Chapter 22: Short Term Trade-off Between Inflation and Unemployment
Introduction to Chapter 22
- Focus on the trade-off between inflation and unemployment
- Discussion on short-term and long-term relationships
- Key learning points:
- Relationship between inflation and unemployment
- Factors that influence this relationship
Short-term Relationship
- Inverse relationship in the short run
- Long-term lack of relationship between inflation and unemployment
Historical Background
- A.W. Phillips (1958): Showed nominal wage growth is negatively correlated with unemployment
- Samuelson and Solow (1962): Established the negative relationship between inflation and unemployment, termed the "Phillips Curve"

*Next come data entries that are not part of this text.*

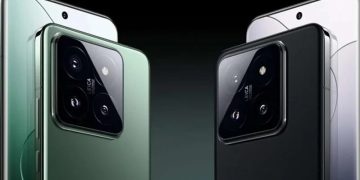 Xiaomi 15 Series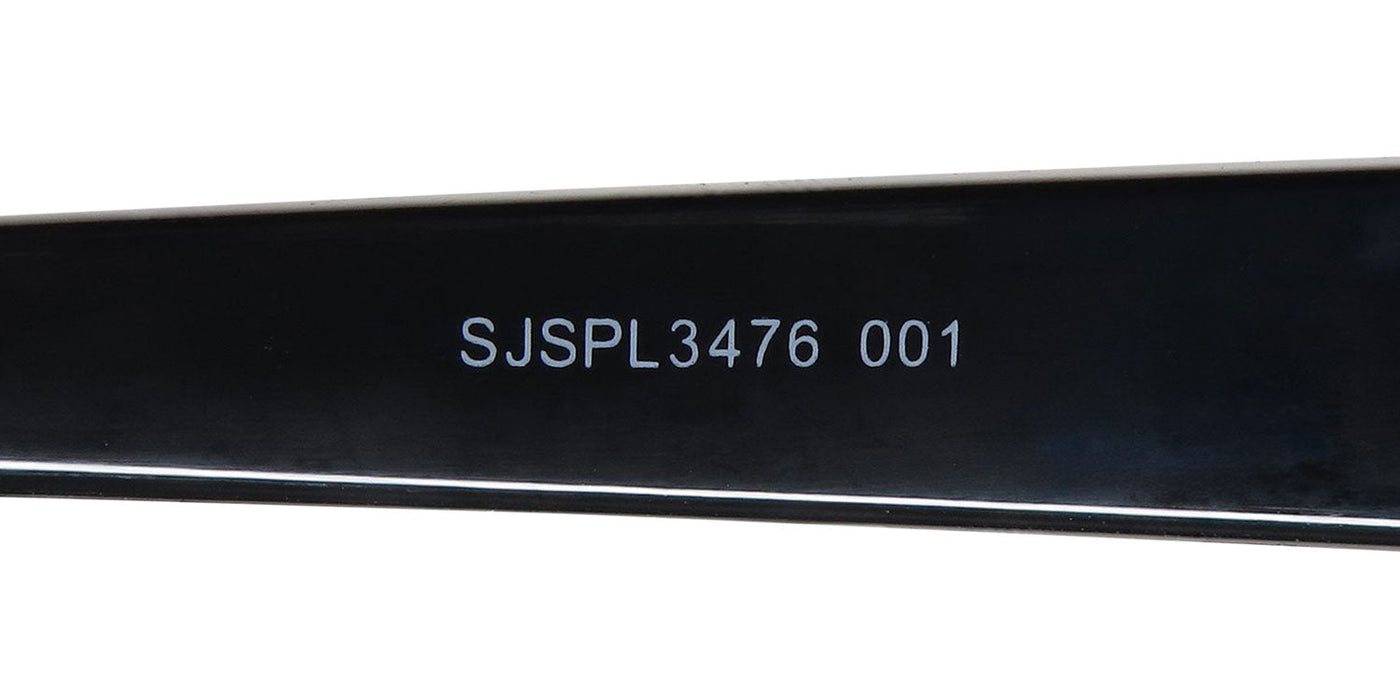 Sean John Sjspl3476 Sunglasses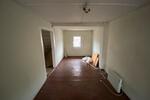 Einfamilienhaus Frohburg - 6 Zimmer, 110 m&sup2;, 49.000&euro; | Angebot:27084789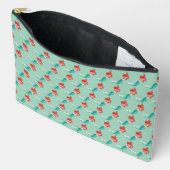 À Accessoires Pochette Accessoire Ariel (Ouvrir)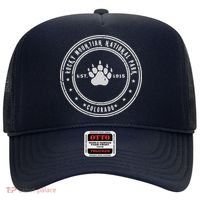 Rocky Mountain National Park Hat thumb 0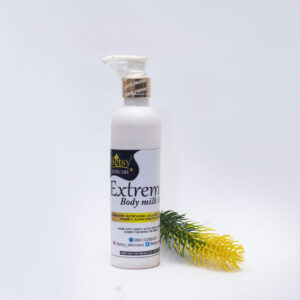 Extreme Body Milk-#18,000 (1)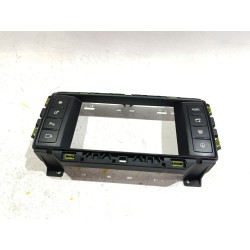 MANDO MULTIFUNCION GX7319F211PB 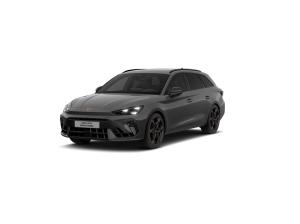 Cupra Leon SP 333 VZ ?FIRMA? AHK HD-MATRIX INTELLIGENT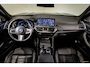 BMW X3 XDrive30e Business Edition Plus|NAP|Pano|Full Options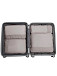 Набор чехлов для упаковки вещей Heys 30141-0143-00 EcoTex 4pc Compressible Packing Cube Набор чехлов для упаковки вещей Heys 30141-0143-00 EcoTex 4pc Compressible Packing Cube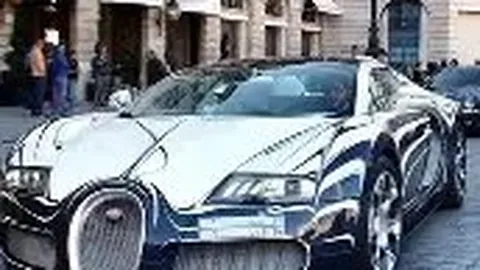 【醉香双色球】今晚揭晓！专家精准预测，篮球三码金胆：08、09、14，错过等一年！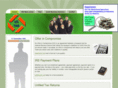 ustaxs.com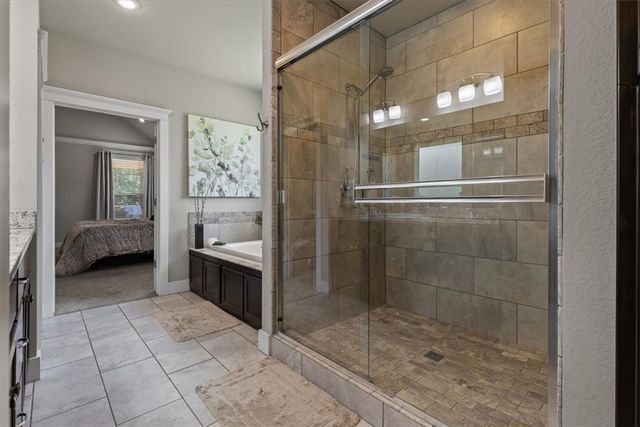1 Embleton Drive, Bella Vista, AR 72714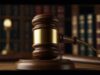 Paternity Lawyers Sydney for Child Support and Custody Matters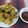 Sonal Modha's cooksnap of when they made ખજૂર અને ડ્રાયફ્રુટ ના લાડુ (Khajoor Dryfruit Ladoo Recipe In Gujarati).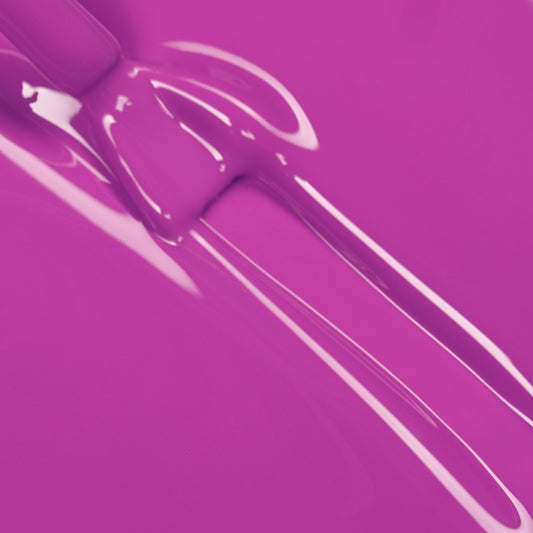 SS2622 Electro Purple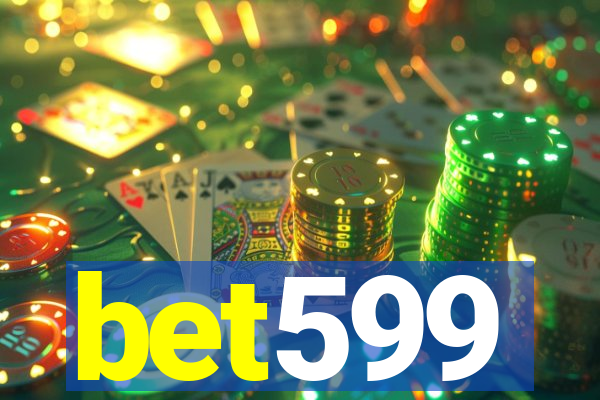 bet599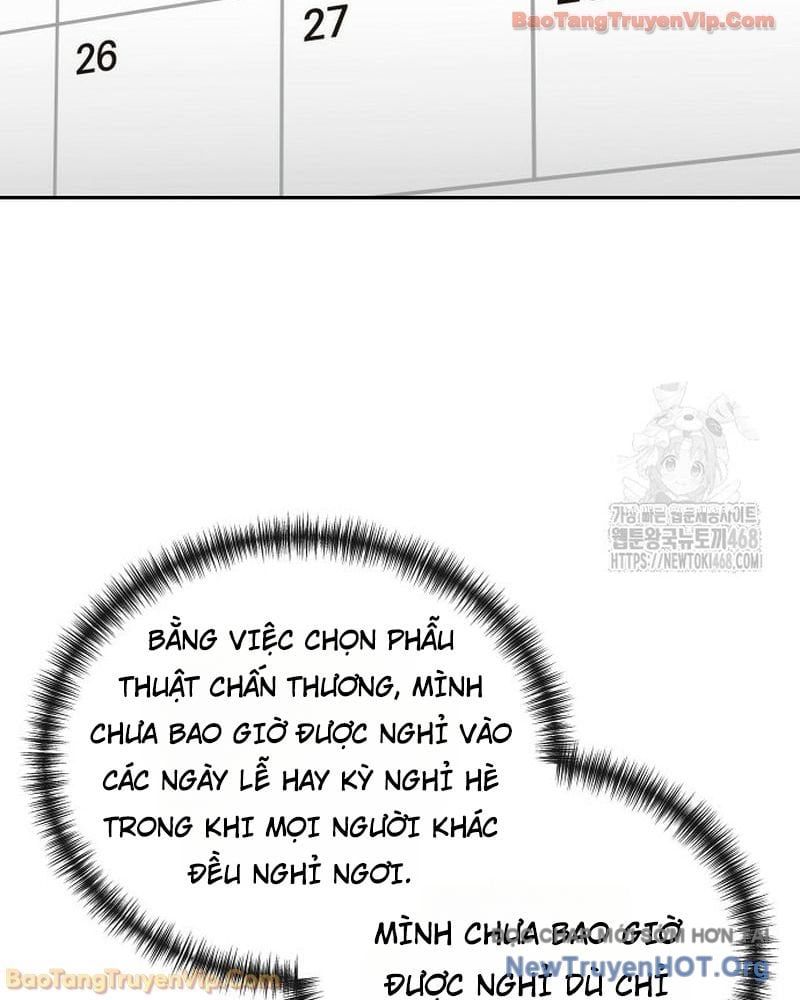 Thần Y Hoa Đà Tái Xuất Chapter 22 - 89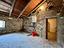 Immagine 30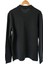 Unıted Colors Of Benetton Erkek Tshirt 3088U301G 3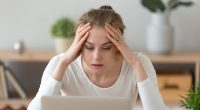 Billions of Gmail and Outlook users warned to search inbox for bank-drain 'vacation' message – three red flags to spot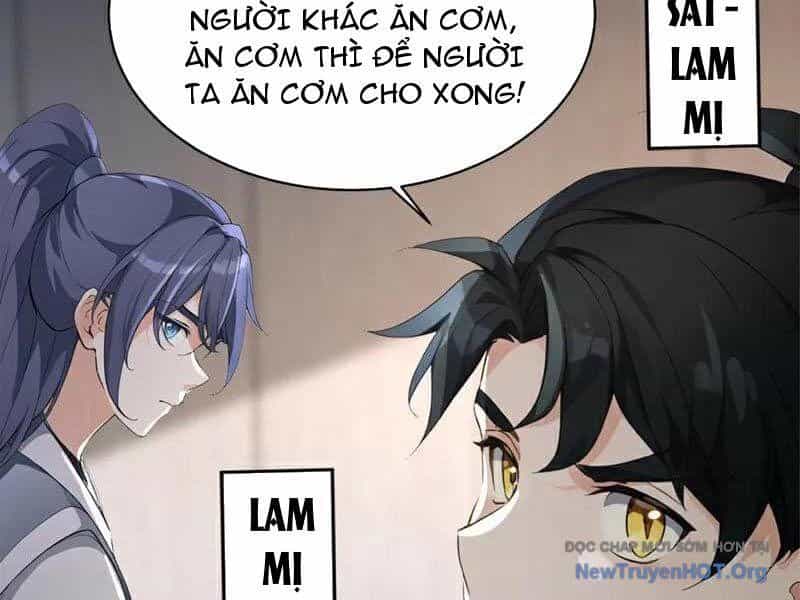 Ta , Thần Long Chi Hậu - Chương 114 - ảnh 81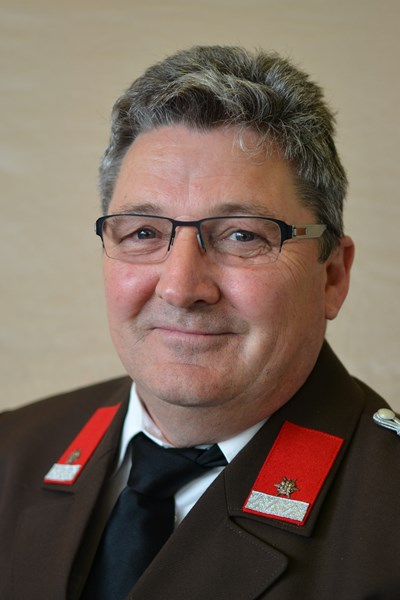 reiter ernst 2017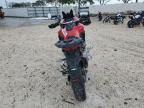 2023 DUCATI MULTISTRADA V4 for sale at Copart FL - MIAMI SOUTH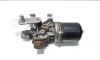 Motoras stergatoare fata, cod 288005974R, Renault Megane 4 Combi (idi:558137)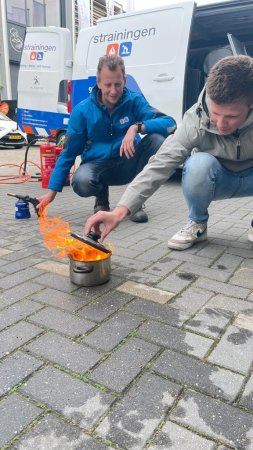 WhatsApp Image 2024-04-05 at 1.33.04 PM WhatsApp Image 2024-04-05 at 1.33.04 PM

Mechanics of the Trade-off
- Aggregate demand can be influenced by the government and central bank
- Components of aggregate demand:
- Consumption demand
- Investment demand
- Government spending
- Net exports
- Expansionary Fiscal Policy:
- Increasing government spending (G)
- Decreasing taxes
- Results:
- Increased aggregate demand
- Increased GDP and lower unemployment rates
- Higher inflation due to increased demand
Trade-off Mechanism Examples
- Expanding aggregate demand via fiscal policy leads to:
- Increased GDP
- Lower unemployment at the cost of higher inflation
Monetary Policy Influence
- Expansionary Monetary Policy:
- Increases economic activity
- Example: Open market purchases of government bonds
- Results:
- Increased bond demand raises prices of bonds
- Decreased interest rates boosts consumption and investment
- Increased aggregate demand, higher GDP, and lower unemployment
Diagrams and Economic Models
- Visual representation of the Phillips Curve:
- Inverse relationship indicated in diagrams
- Example data points:
- Price level and corresponding unemployment rates showing trade-off
Long-term Considerations
- Long-term aggregate supply curve behaves differently:
- Becomes vertical if all production factors are utilized
- Expansionary policies do not affect unemployment in the long run
- Resulting Phillips curve is vertical, indicating no trade-off in the long run
Conclusion: Policy Implications
- Government and central bank face challenges in managing inflation and unemployment
- Lower unemployment often leads to higher inflation in the short run
- Long-term goals require different strategies as the trade-off does not hold.